START RECORD EXCERPTS

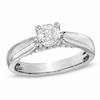 Thumbnail Image 0 of Previously Owned - 0.75 CT. T.W. Diamond Engagement Ring in 14K White Gold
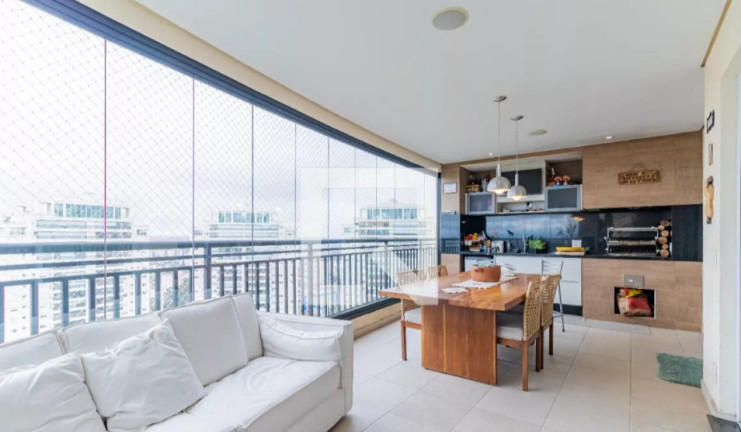 Imagem Apartamento com 3 Quartos à Venda, 195 m² em Jardim Marajoara - São Paulo Imagem Apartamento com 3 Quartos à Venda, 195 m² em Jardim Marajoara - São Paulo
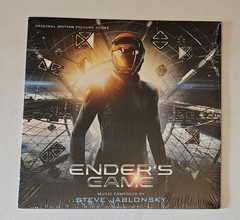 Steve Jablonsky Ender’s Game (Vinyl) 12″ LP Album Brand New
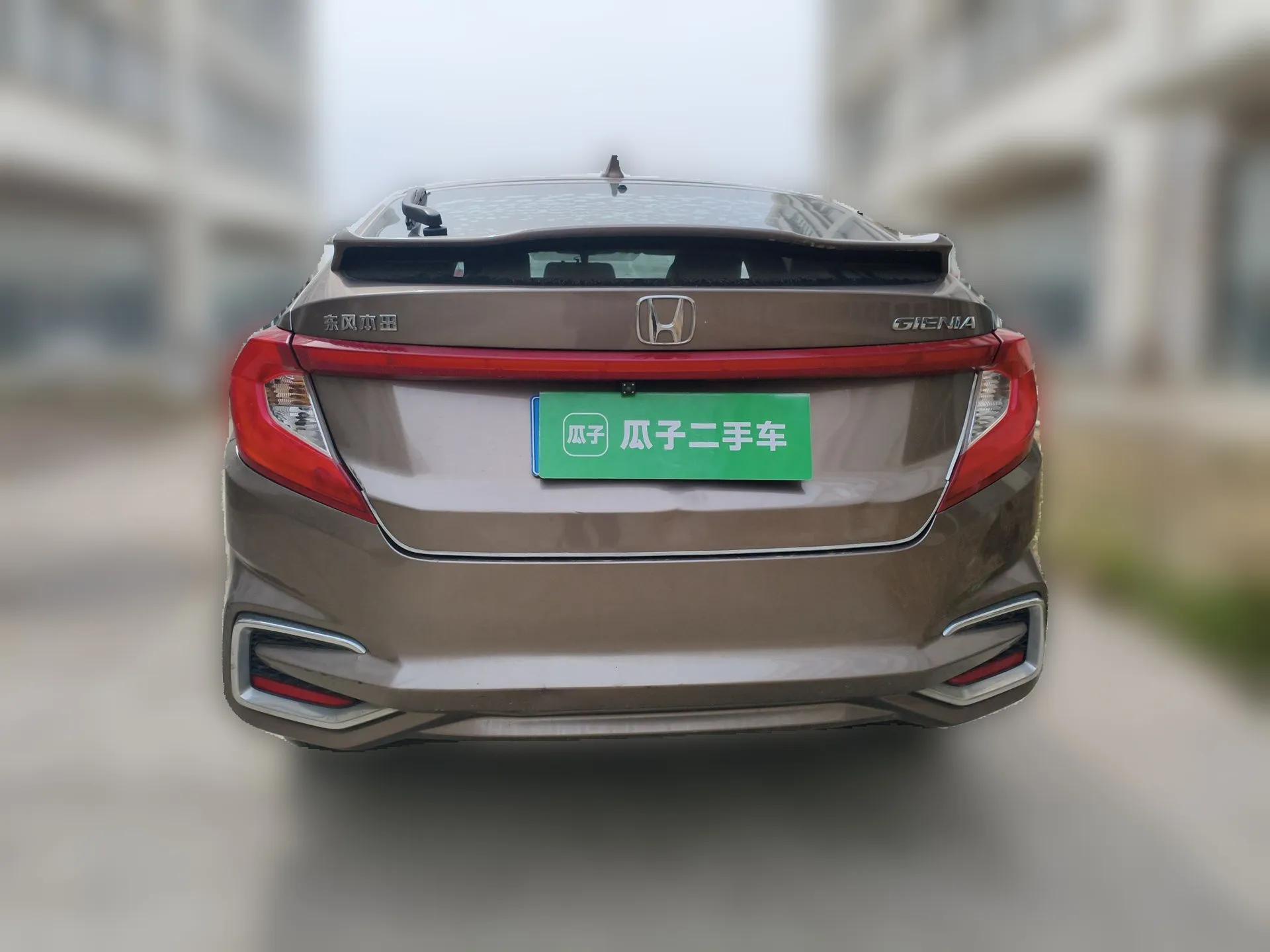 Honda Gienia 2017 1.5L CVT Comfort Version — миниатюра 5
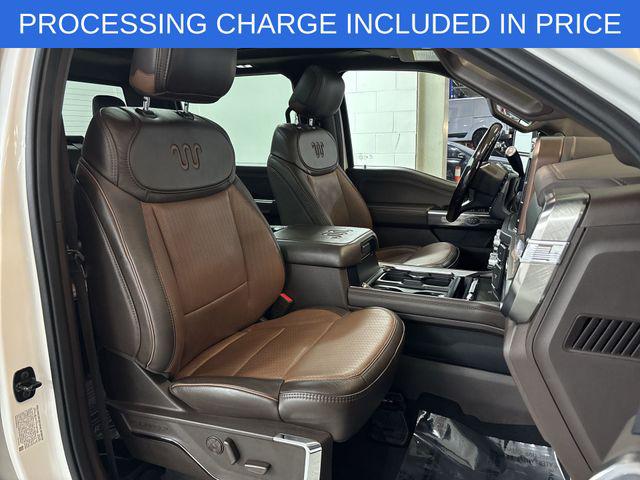 2025 Ford F-350 King Ranch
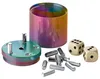 BestSaller 3009 SUPER SIX Würfelspiel Aluminum, 36 Produktbild-Vorschau 4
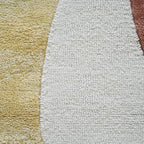 Candy Stripes Hand Tufted Rug Hand-Tufted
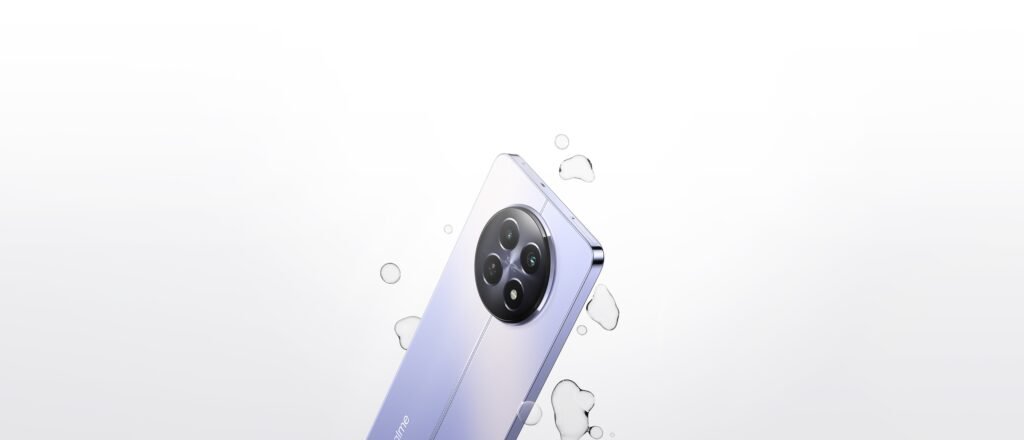 Realme 12 5G gallery photo 2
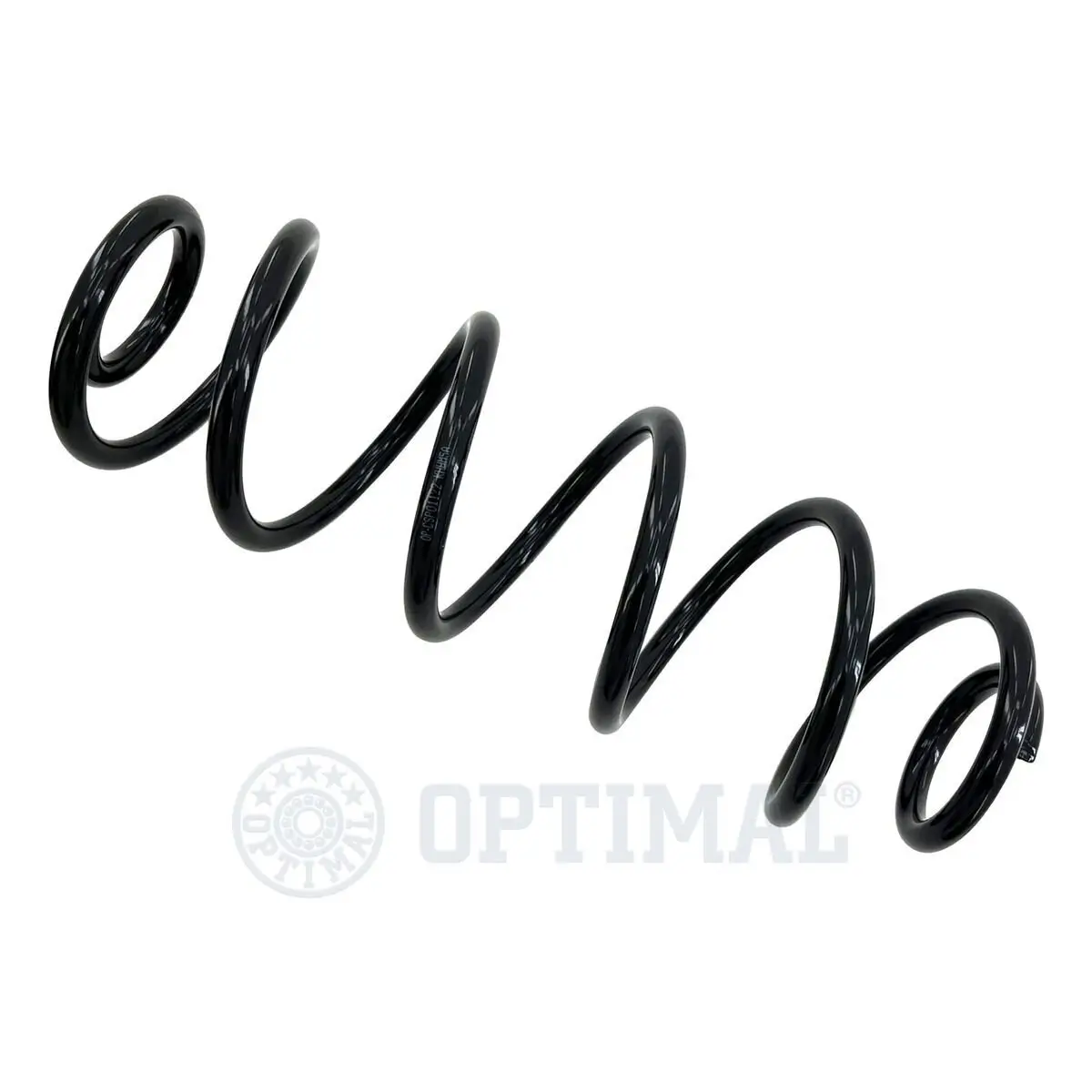 Fahrwerksfeder Hinterachse OPTIMAL OP-CSP01122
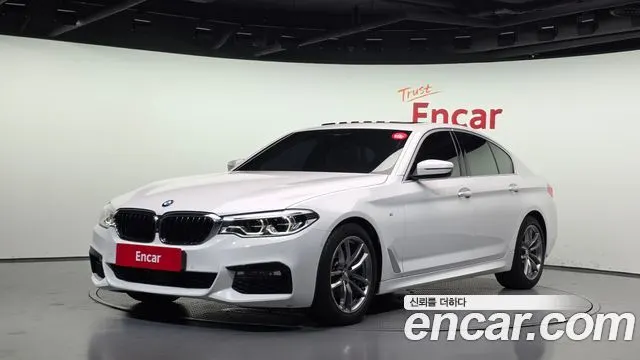 BMW 5 SERIES 2018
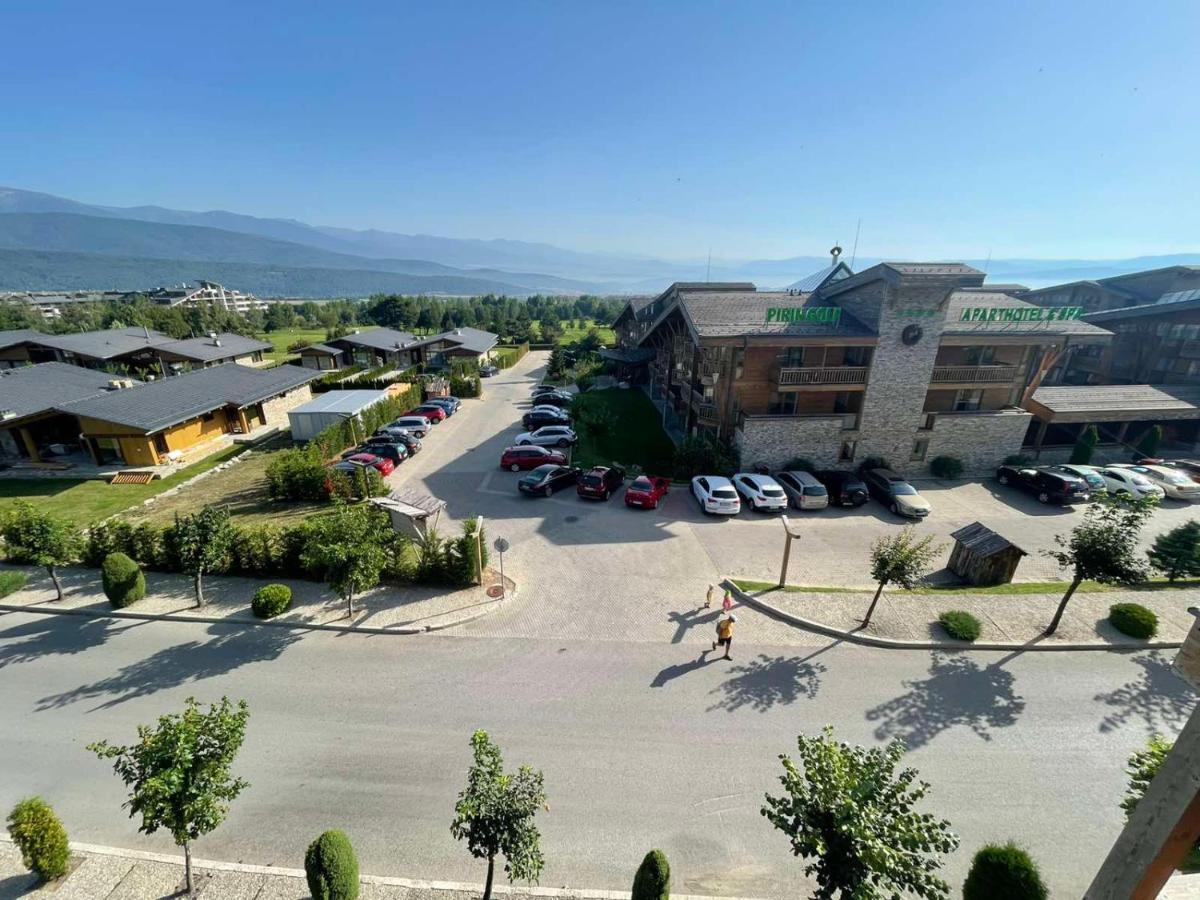 Pirin Golf Penthouse Iliyana Daire Bansko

END RECORD EXCERPTS

When you give the entries again, keep them exact and omit any picture they contain.

 Thumbnail Image 0 of Previously Owned - 0.75 CT. T.W. Diamond Engagement Ring in 14K White Gold
 Imagem Apartamento com 3 Quartos à Venda, 195 m² em Jardim Marajoara - São Paulo Imagem Apartamento com 3 Quartos à Venda, 195 m² em Jardim Marajoara - São Paulo
 Steve Jablonsky Ender’s Game (Vinyl) 12″ LP Album Brand New
 Honda Gienia 2017 1.5L CVT Comfort Version — миниатюра 5
 2025 Ford F-350 King Ranch
 BestSaller 3009 SUPER SIX Würfelspiel Aluminum, 36 Produktbild-Vorschau 4
 Candy Stripes Hand Tufted Rug Hand-Tufted
 Realme 12 5G gallery photo 2
 Fahrwerksfeder Hinterachse OPTIMAL OP-CSP01122
 BMW 5 SERIES 2018
 Pirin Golf Penthouse Iliyana Daire Bansko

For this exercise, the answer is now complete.